形が決まったら型紙を切り出し、それを革に重ねてラインをうつしとります。同じ寸法で2枚の革を切り出すので、できるだけ無駄がでないように配置するとよいでしょう。
切り出すべき線を革に描き入れたらその線に沿って革包丁で切りとっていきますが、切り出す前に親指の股部分にポンチを打って穴をあけておきます。これは、指の股のような急カーブは革包丁で切りだすのが難しいため。切り出すラインがポンチの穴のカーブのラインにつながるように革を切り出すと無理がありません。
革の断面が垂直になるように革包丁を立ててぐるりと切り出していき、刃先がポンチの穴に近づいたら一度刃を止めてポンチの穴に刃先を入れます。穴側からすでに切ってきた部分へと切り開くと失敗しにくくなります。

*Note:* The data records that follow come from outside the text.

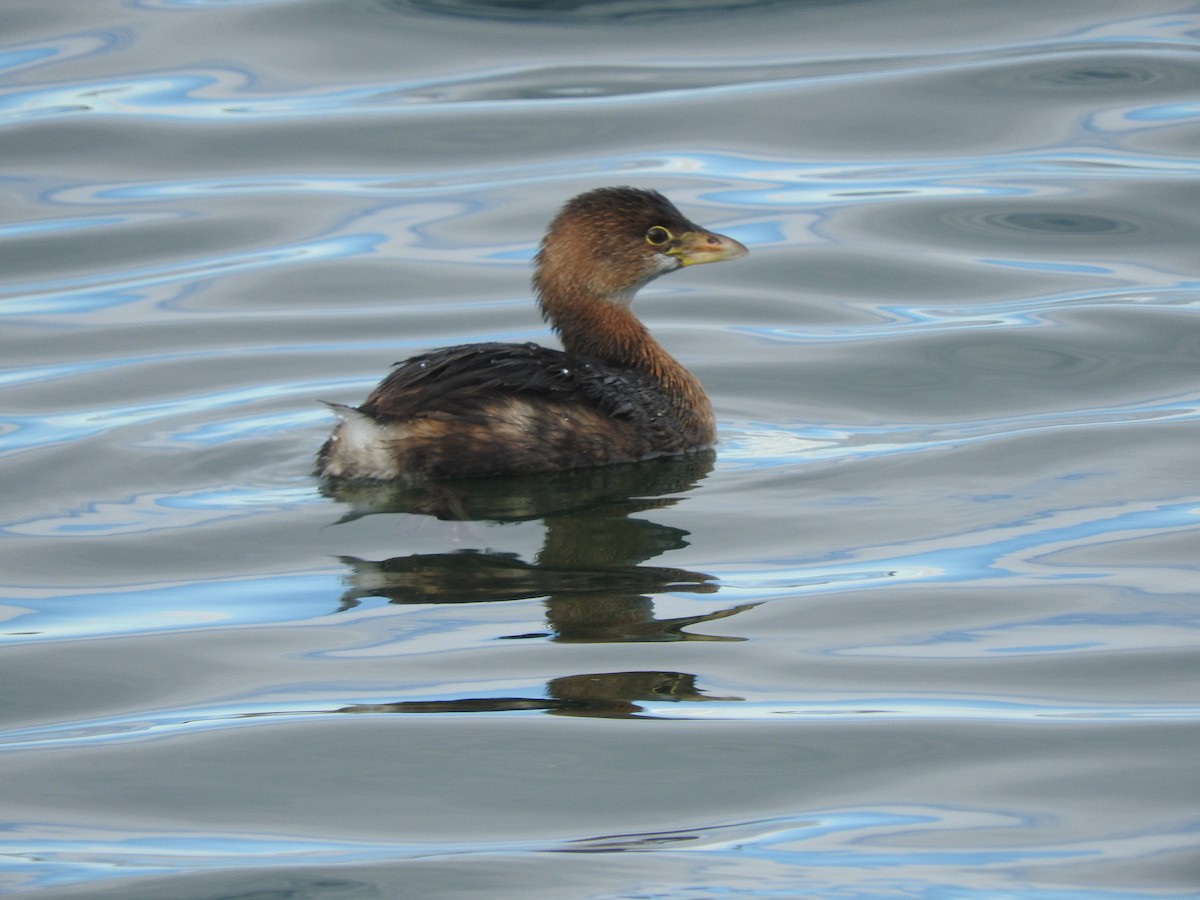 Pied-billed Grebe - ML133644261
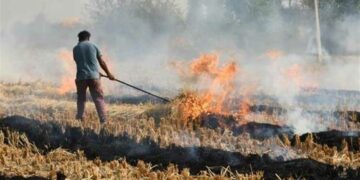 Ενημέρωση προς καλλιεργητές: Απαγορεύεται η καύση φυτικών υπολειμμάτων στα χωράφια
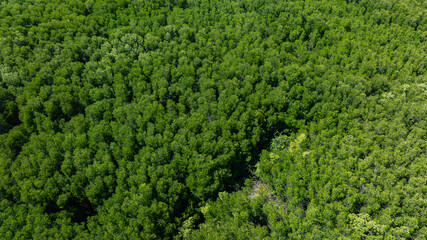 aerial view of dark green forest Abundant natural ecosystems of rainforest. Concept of nature forest preservation and reforestation.	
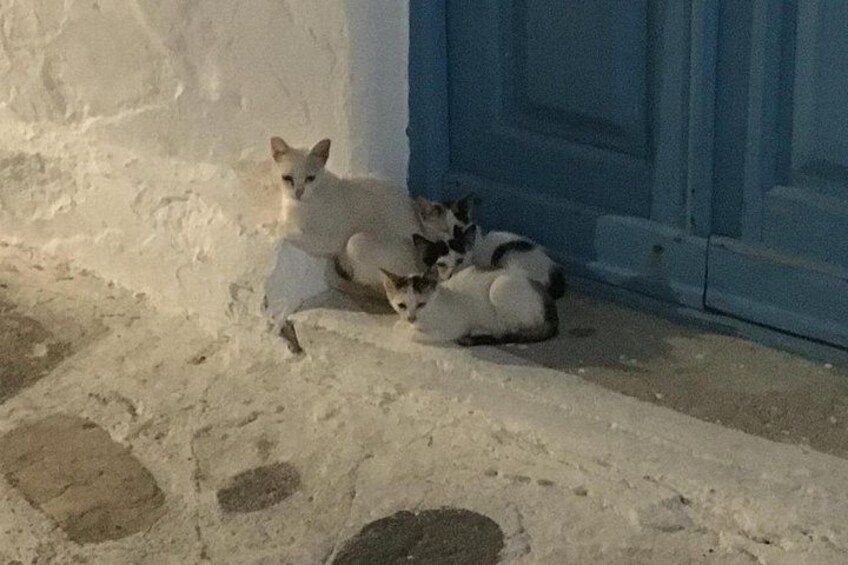 A white cat and kittens near a blue door on a stone-paved ground. 5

コンパスのような形をしたディバイダーを取り出し、調節つまみを回して先端を5mmほどの幅に開きます。幅を決めたら二股の片方の先端を革の端に当て、もう片方の先端を革の表面に添えます。この状態でディバイダーをスライドさせていくと、革の端から一定の場所に線を引くことができます。
この線は、糸を通す穴を打つべき場所のラインとなりますが、線を引くのは2枚の革の1枚だけでOKです。なぜなら次の工程で2枚の革を重ねた状態でこの線に沿って丸目打ちで穴をあけていくから。2枚の革に別々に線をひき、別々に穴をあけてしまうと、縫い針を通す穴の位置がそろいません。
2枚の革の穴の位置を確実にそろえるため、丸目打ちで穴をあける前に革の外側の何箇所かにゴムのりを塗って軽く2枚を固定しておくとよいでしょう。
2枚の革を重ねた状態で丸目打ちチを当ててハンマーで叩いて穴をあけていきます。直線は6本歯、カーブがゆるい場所は4本歯、カーブがきついところは2本歯といった感じで穴をあけていきますが、必ず先にあけた穴のひとつにパンチの端の歯を重ねるようにします。こうすることで、穴の間隔が常に等間隔になり、仕上がりが美しくなります。
革を縫い合わせる方法はいくつかありますが今回は2本の針を使う方法で縫い合わせていきます。革を縫う際、一般的に使われるのが蝋引きの糸。穴を通るときは蝋のおかげでするりと通り、通ったあとは蝋による程よい摩擦力で保持します。この蝋引きの糸の両端に針をつけて交互に塗っていくことで強固に縫い合わせます。
蝋引きの糸をひと尋(1.5mほど)切り出したら、その端から5cm程度の場所に針を突き立て、針の中ほどまで糸を滑らせます。続けて糸の末端を針穴に通して引き、針穴の後端側でループを閉じます。この形で針に糸を通すと、針穴に一回糸を通すよりもしっかりと糸を保持することができます。糸の反対側の末端にも同じ方法で針をつければ準備完了です。
縫い始めは、いちばん端側の穴に裏側から糸を通し、2本の針につながる糸の長さを左右そろえます。続けて、対面する穴のひとつ隣の穴に針を挿し入れ、×印を描くようにして左右の針で交互に縫い進んでいきます。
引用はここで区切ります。